Jun Woo caminha devagar e se assenta em uma das cadeiras próximas.

- Os remédios aliviam. - comenta ele achando uma posição confortável- Mas não tiram toda a dor.

-Sinto que tenha tantas dores!- confesso e ele concorda.

- Realmente, se puder eu gostaria de entender como me achou, como me trouxe para cá...vai me contar?

-Hum, eu imagino que queira. Realmente não se lembra de nada?

-Antes dessas dores começarem eu só me lembro de uma conversa com Vincenzo! - ele faz uma pausa como se lembrasse e seu tom de voz muda ficando agressivo - Aquele verme! Aquele Vincenzo Cassano! Mafioso de merda!!!

-Hum, e ...imagino que ele tenha a mesma raiva que posso ver estampada na sua cara! Afinal, pelo que sei você não foi nada bondoso com a gente dele também.

-Acha que eu merecia isso!? -questiona me.

-Se eu achasse isso, teria te deixado lá. Não é?

- E eu sei? Você não me explicou nada ainda, mas em relação ao que me lembro por último... foi dessa nossa "lavação de roupa suja". Ah, ele também me prejudicou demais, olhe pra mim!

- Bom, que seja!

-Me conta então, como me achou?

- Depois que você saiu da cadeia e sumiu, eu.. tentei encontra- lo!- digo desviando o olhar sabendo que estava confessando que o perseguia como ele mesmo dissera. Ele me encara sustentando o olhar enquanto eu vou contando lhe sobre como o resgatei sem conseguir encara lo diretamente. -Desconfiei que Vincenzo poderia ter te pego e resolvi investiga-lo e não deu outra. Na verdade fui pega de surpresa porque não fazia ideia do quanto ele podia ser cruel! -Jun Woo não esboça expressão até porque ele também já havia cometido atrocidades do mesmo calão - Depois que consegui retirá-lo da armadilha o levei para minha casa.

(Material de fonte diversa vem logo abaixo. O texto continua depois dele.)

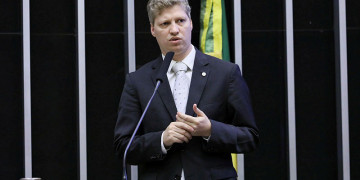 Maia dá tempo para 3 deputados contrários e 3 a favor discursarem
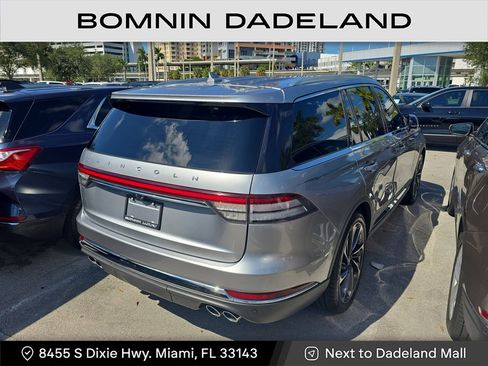 Used 2020 Lincoln Aviator Reserve w/ Equipment Group 202A image 4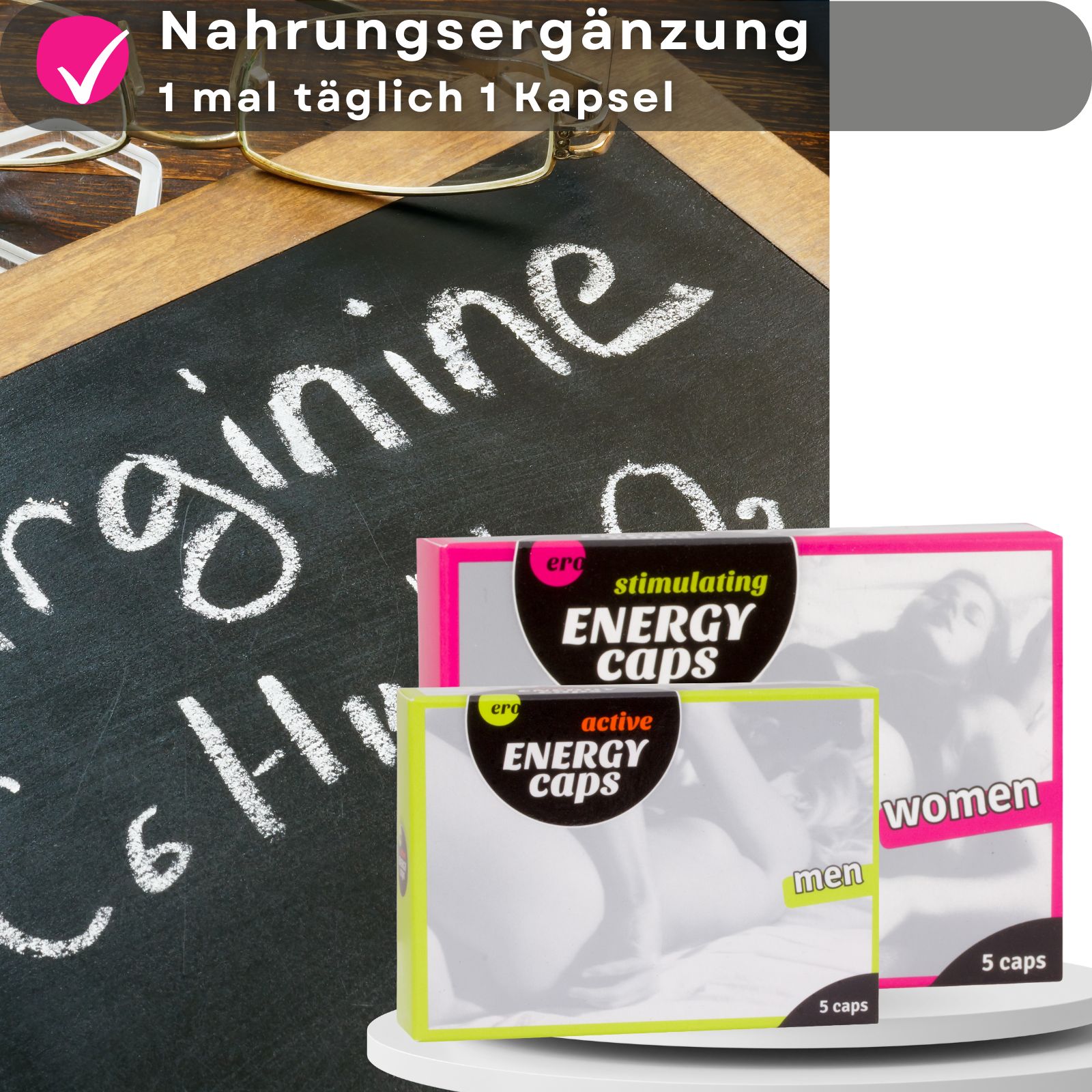 Boxen und Kapseln. Text. Frau und Mann im Hintergrund.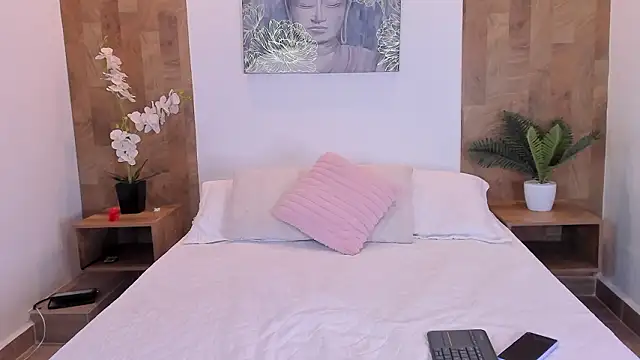 isabella winkler online show from February 2, 2026, 1:10 pm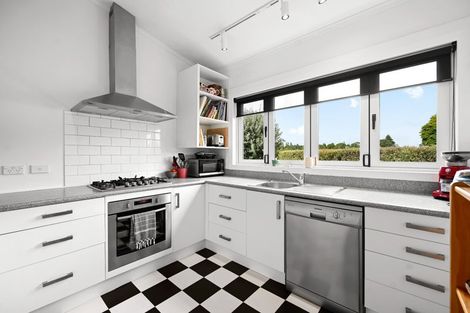 Photo of property in 16 Flynn Road, Hillcrest, Hamilton, 3216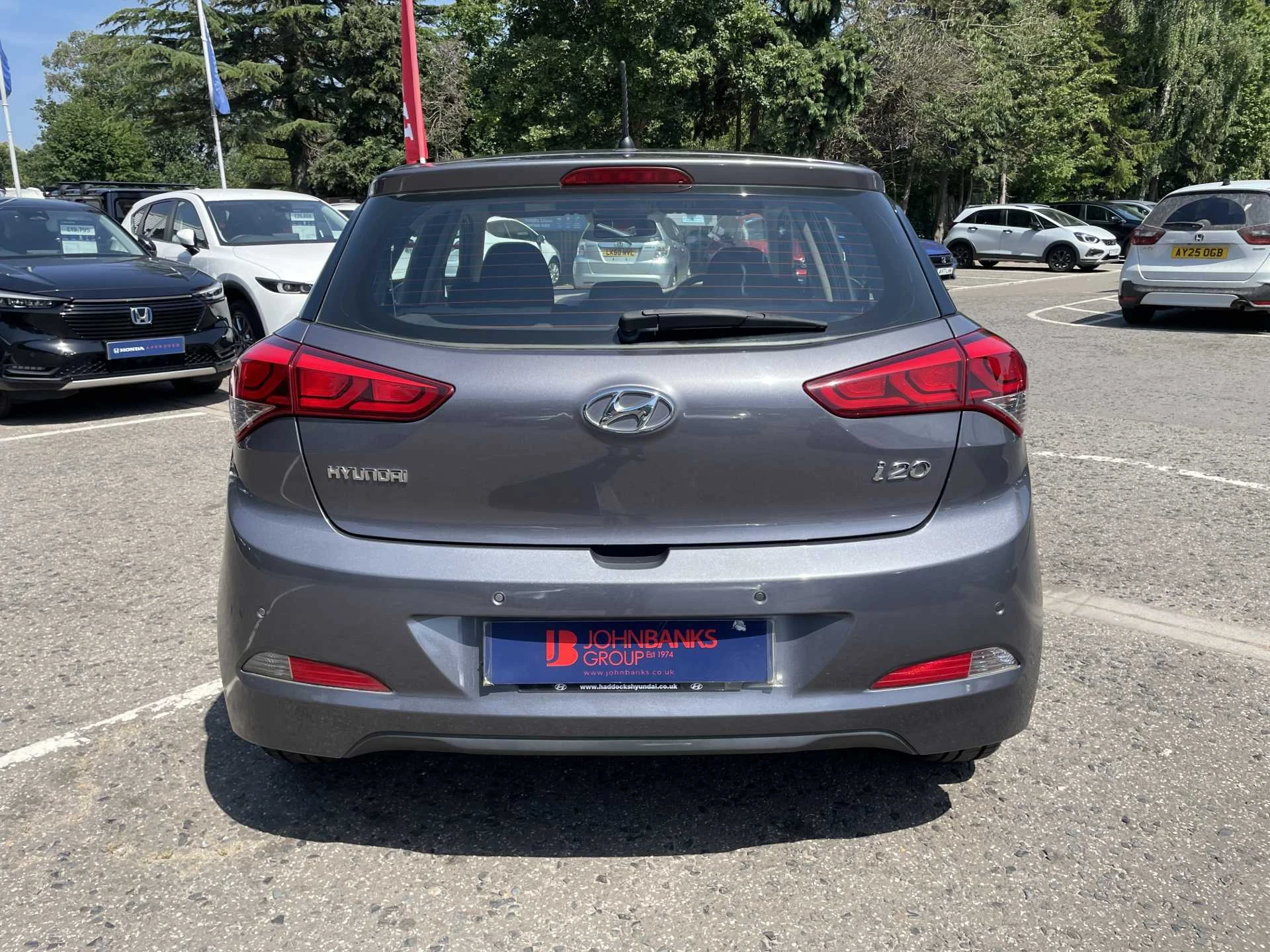 Vehicle image 7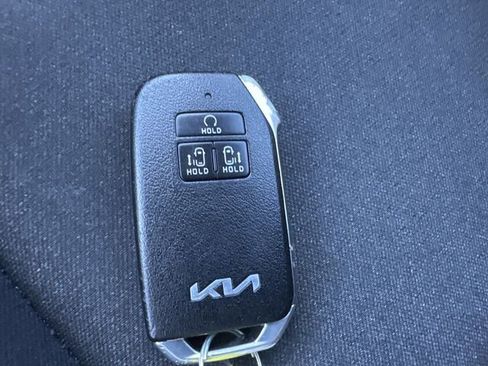 Certified 2023 Kia Carnival LX image 40
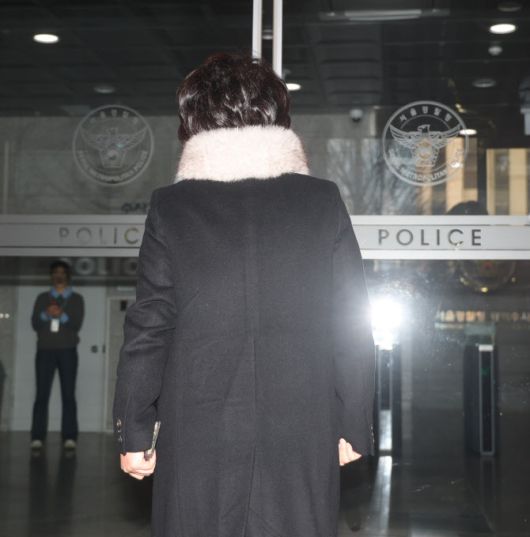 더불어민주당 김병기 의원에게 ‘공천 헌금’을 건넸다는 자백성 탄원서를 작성한 전직 구의원 김모씨가 9일 서울경찰청 마포청사로 출석하고 있다. (사진=연합뉴스)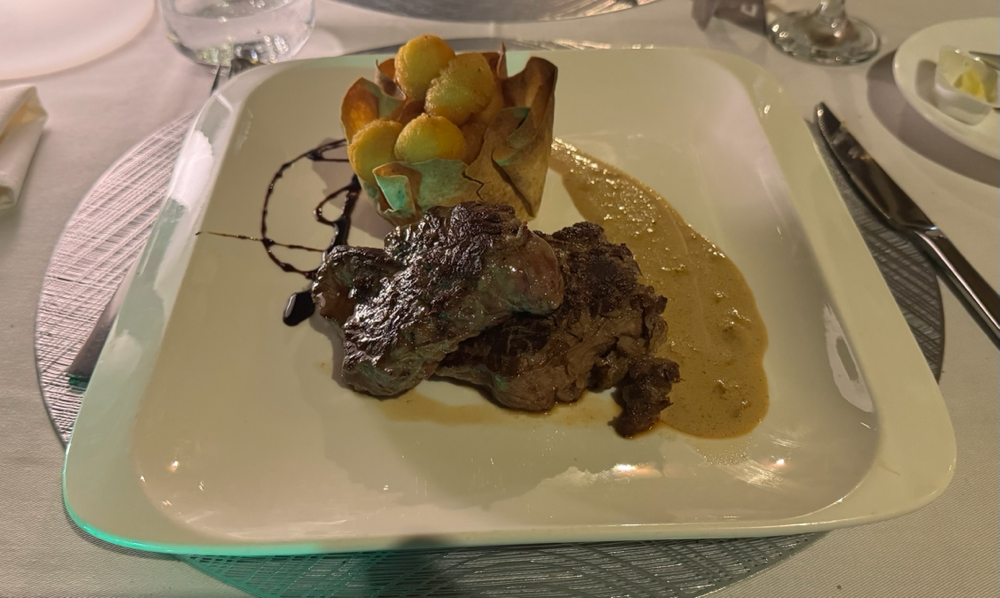 Tenderloin mit Haselnussbutter und Kartoffelbällchen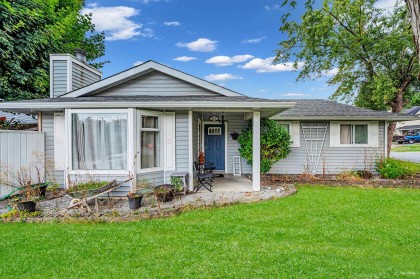 Photo 2 at 22641 Kendrick Loop, East Central, Maple Ridge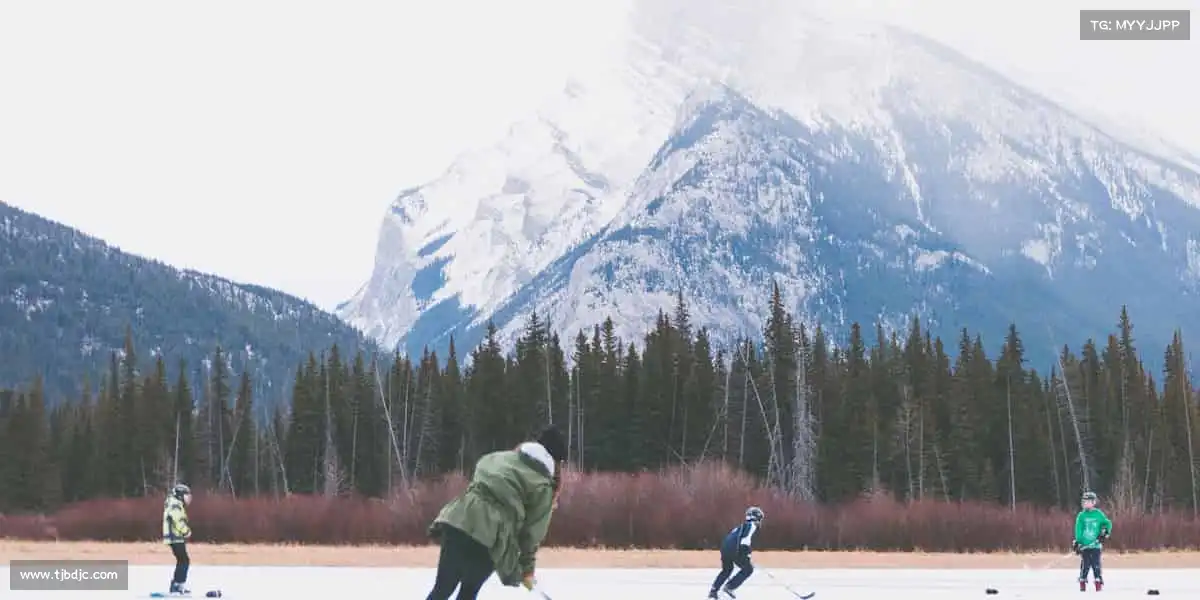 <strong>UED</strong>🏐团队的默契，个人的突破 —— 在体育的世界里，遇见更好的自己！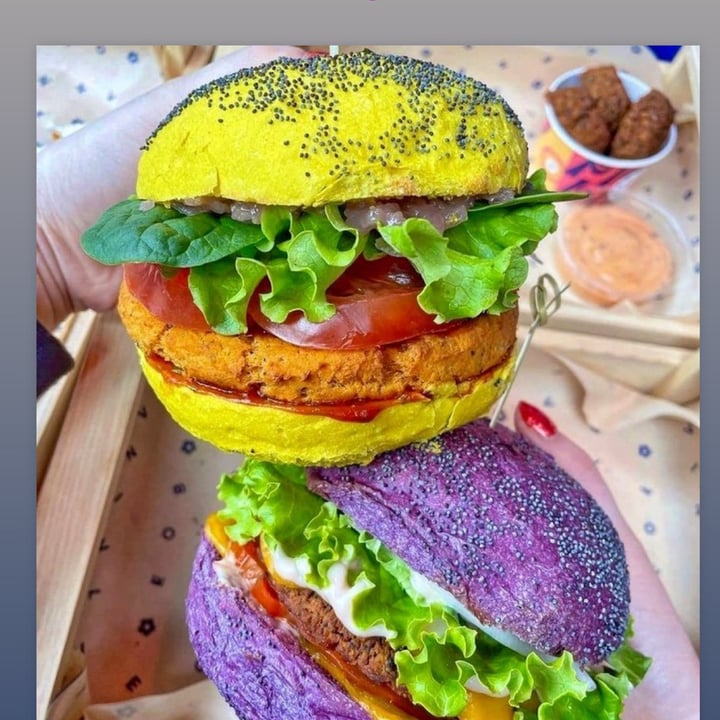 photo of Flower Burger Flower Burger shared by @aurora25 on  13 Mar 2022 - review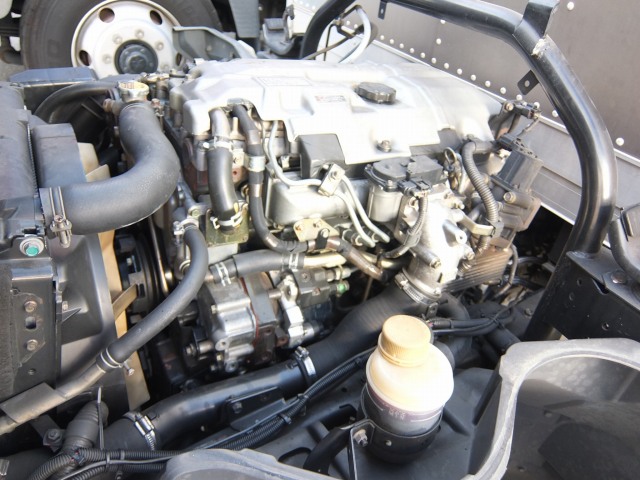 三菱ふそうキャンターアルミバン小型（2t・3t）[写真14]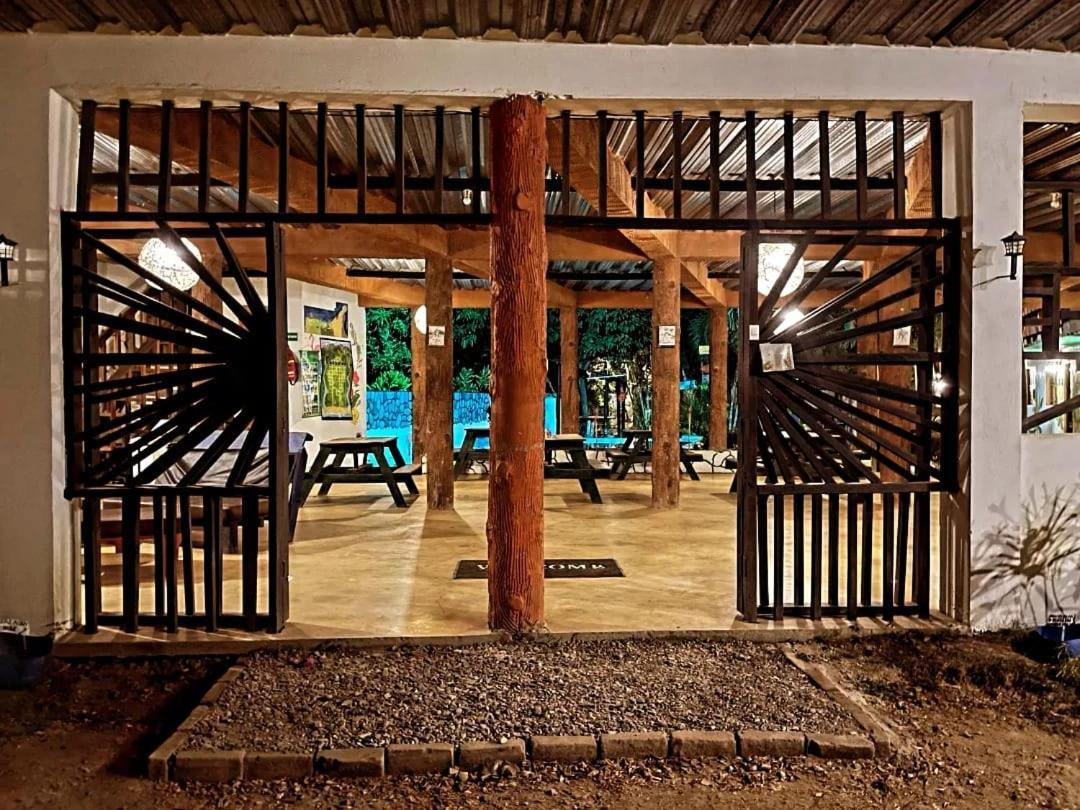 פאלומינו Hostal Luz De Luna מראה חיצוני תמונה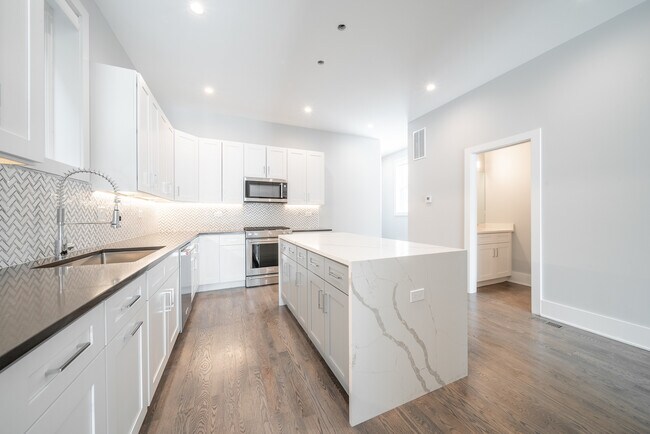 Building Photo - 556 W 18th St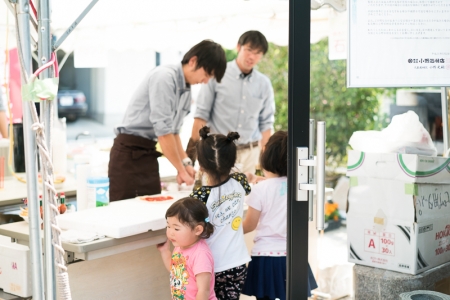 石職人がつくるピザ［上野原フェア　小野石材店］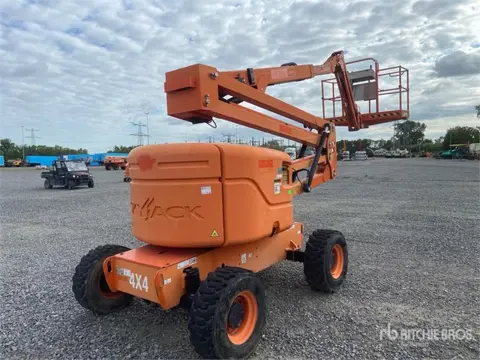 Skyjack SJ46AJ 4WD Diesel Articulating Boom Lift (bj 2015)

Eu sabia que não poderia ser levado a um hospital, pois aqueles que te perseguiam iriam dar um jeito de te matar. Você precisava estar em um local sem antecedentes. Foi tratado por um médico amigo meu que não fez perguntas e passou todas as orientações de cuidado. No dia seguinte consegui uma ambulância hospitalar para trazê-lo até aqui em segurança. Ser policial te dá estes privilégios. Sem perguntas, sem questionamentos ou suspeitas.

-Sim. Imagino. Sem suspeitas... e o que é aqui? Esta é sua casa?

-Sim! Está nas montanhas de Seoraksan. Sem riscos...

-E a senhora que estava aqui?

- Ela foi embora. Só precisei dela para cuidar de você por uns dias, mas nem agora ela fez isso direito!- digo vendo que acabara de cometer um erro na minha fala e torço para que ele não tivesse percebido, mas ele não era nenhum otário e percebeu.

- Nem agora? Ela por acaso teve outra oportunidade para cuidar de mim?

-Não...- tento disfarçar- Foi apenas um modo de dizer. Que ela não cuidou direito de você, e veja...- tento mudar o rumo da conversa levantando- me - Preciso trocar seus curativos. Você quer tomar banho primeiro? Consegue fazer isso sozinho?

Ele encara-me seriamente e torço para que aceite aquela fuga de assunto. Em seguida segura em meu braço apoiando-se para levantar.

-Eu consigo. Mas preciso de sua ajuda para tirar a roupa.

E então, meus pensamentos se perderam.

...

Data de publicação: 04/04/24

Não!!! Não cara....ele não disse isso?!?!
Pq eu escrevo e qdo leio tenho esse tipo de reação! Eu amo esse homem mdsss

Mas olhem, está mais um capítulo... e espero que gostem de mais esse!!!
Muitíssimo obrigada pelos comentários maraaaavilhosos que me divertem demais!!!

me animam para dar lhes um final digno! E, por sinal....tem sido escrito!!!